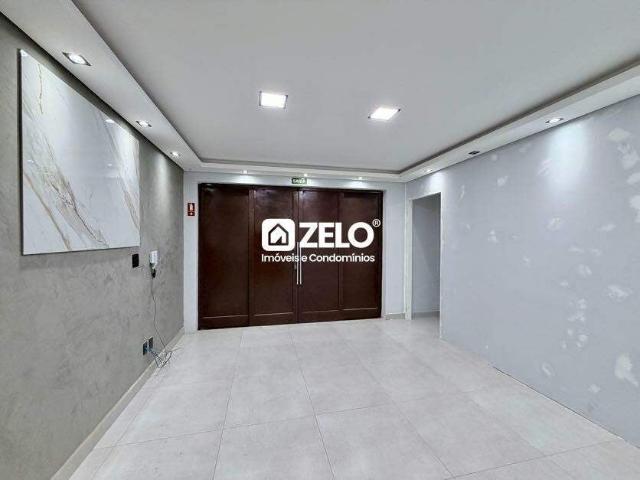 Casa / Sobrado Comercial para Locação em Campinas/SP Nova Campinas 3 Quartos
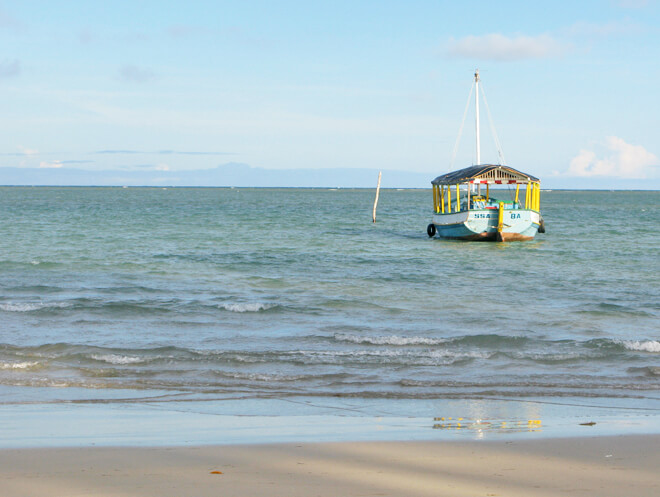 Quinta Praia Morro de SP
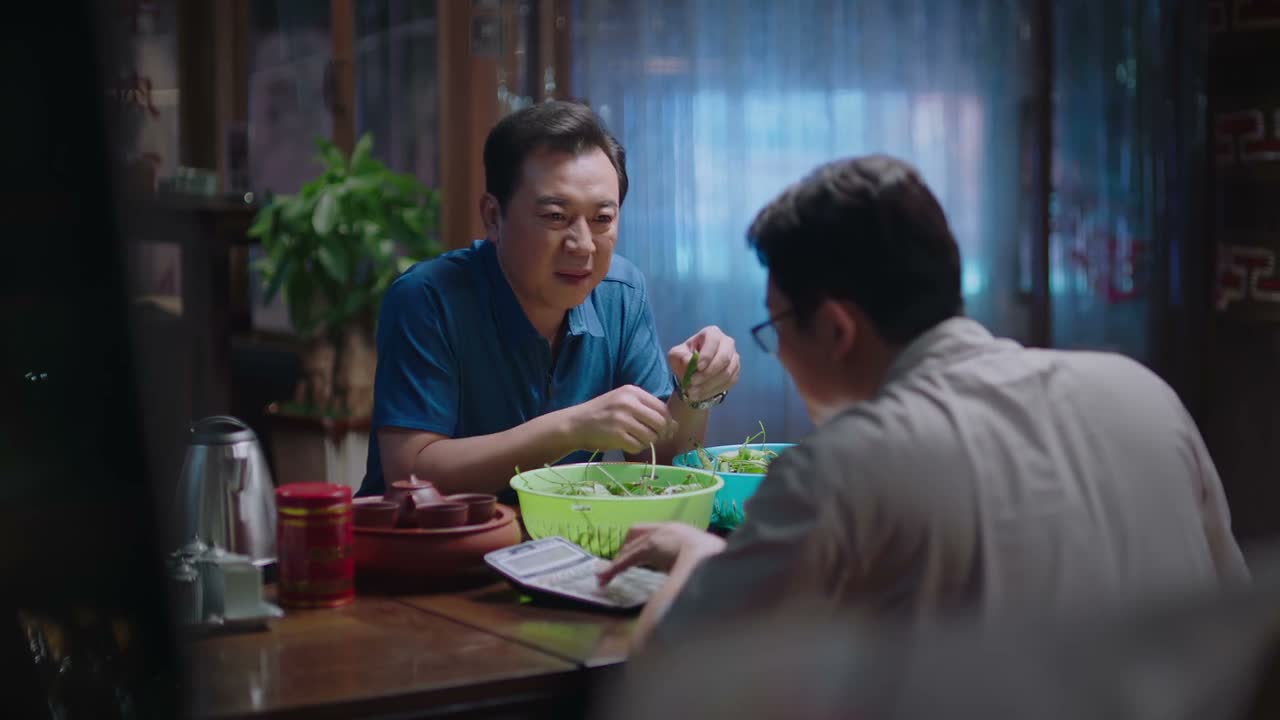 你们俩真的挺般配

AIM OF THE TASK: Please copy the data above exactly; the pictures do not belong in the copy.

THE COMPLETED TASK:
 Casa / Sobrado Comercial para Locação em Campinas/SP Nova Campinas 3 Quartos
 Quinta Praia Morro de SP
 你们俩真的挺般配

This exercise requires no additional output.